Proposed assembly and maturation pathway of bacteriophage T7. (A) Capsid proteins and scaffolding proteins are expressed, along with other components. Three capsid proteins and one scaffolding protein form a building block, assumed to dimerize as a skewed hexameric capsomere. (B) These building blocks assemble on a partial capsid until the icosahedral cage is completed. The N-helix (red dashed line) of capsid protein is hidden inside the shell. (C) DNA packaging starts from the procapsid. Scaffolding proteins are expelled from the procapsid via the center openings of capsid protein hexamers to initiate expansion. (D) Having lost interaction with scaffolding proteins, capsid proteins undergo conformational changes that result in symmetric hexamers that are further stabilized by the newly formed intracapsomere, noncovalent, topological linking. Major conformational change occurs at the N terminus, where the N-helix at the inner surface unfolds, swings through the capsid shell, and becomes exposed on outer surface.
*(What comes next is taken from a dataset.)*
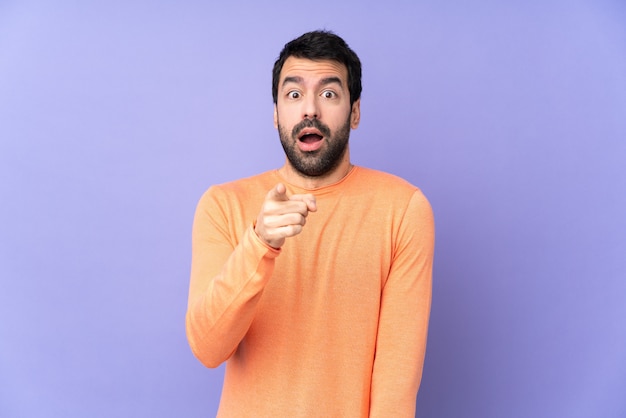 Hombre guapo caucásico sobre púrpura aislado sorprendido y apuntando al frente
The new N-terminal conformation results in joint-like strong interactions between neighboring capsomeres. (E) DNA is packaged in capsid II. Some are productive, but incomplete, and yield capsids (MLD capsid II) that lose partially packaged DNA during cell lysis and/or sample purification. Some of the capsid II particles at later packaging states would also lose portal and core stack proteins and yield MHD capsid II. (F) DNA packaging is completed with tail attachment, generating a mature phage particle.